Alok Ranjan Daftuar

Posted on Mar 18 • Originally published at aloknecessary.github.io

Idempotency in Distributed Systems: Design Patterns Beyond 'Retry Safely'

#architecture #backend #distributedsystems #systemdesign

Every engineer in distributed systems has heard: "make your operations idempotent." It gets repeated in design reviews and dropped into architecture docs as if the word itself is a solution.

The gap between understanding what idempotency means and actually building systems that enforce it under real-world failure conditions is enormous.

"Retry safely" is the starting point — not the destination.

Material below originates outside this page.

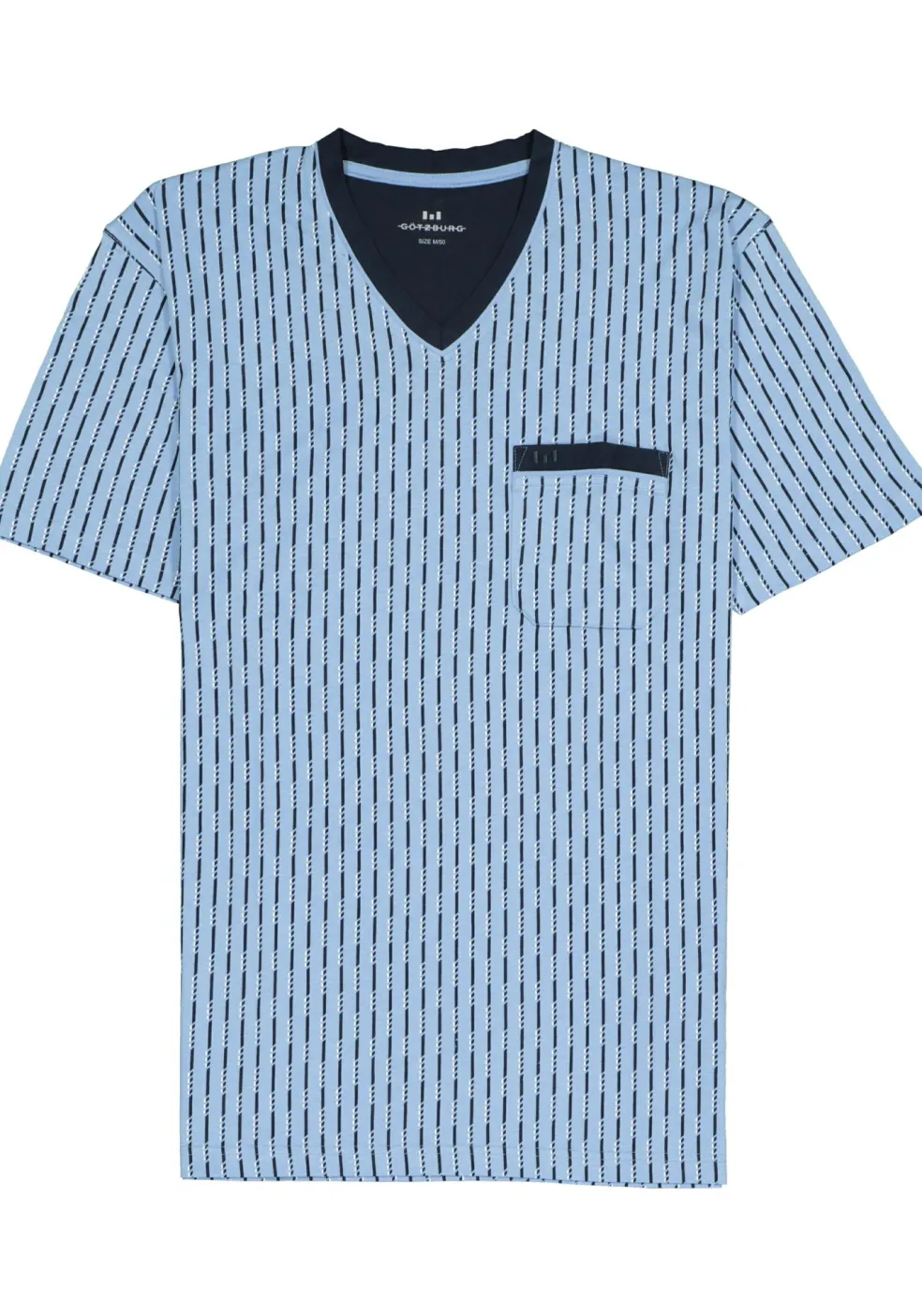 Gotzburg heren shortama, V-hals, lichtblauw met blauw en wit dessin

Idempotency vs. Deduplication

Teams often conflate these. They are related but not the same:

Idempotency — the outcome is the same regardless of how many times the operation is applied
Deduplication — detecting and discarding duplicate requests so the operation executes exactly once

A PUT /users/{id} is naturally idempotent. A POST /orders is not — calling it ten times creates ten orders. To make it safe to retry, you need deduplication. And deduplication requires idempotency keys.

Idempotency Keys

A client-supplied identifier that scopes a request to a single logical operation. Key design decisions:

Client ownership — the client knows the intent; it generates the key
Time-bounded validity — keys should not live forever; align TTL with your retry window
Granularity — one key per logical operation, not per HTTP request
Request fingerprinting — hash the payload to detect same key with different payloads (client bugs)

The Two-Phase Reservation Pattern

The naive check-then-act pattern has a race condition. Two concurrent requests with the same key can both pass the existence check.

The correct approach:

Reservation — atomically insert the key as IN_PROGRESS (insert-if-not-exists)
Completion — after processing, update to COMPLETED with the response payload

This eliminates concurrent duplicate processing. Every production idempotency implementation should use this or an equivalent.

API Gateway vs. Application Layer

Gateway-level — short-circuit caching for the happy path; fast but doesn't protect your data layer
Application-level — owns the deduplication store, handles correctness, coordinates multi-step workflows

In production, they're complementary. The gateway is a performance optimization; the application layer is where correctness lives.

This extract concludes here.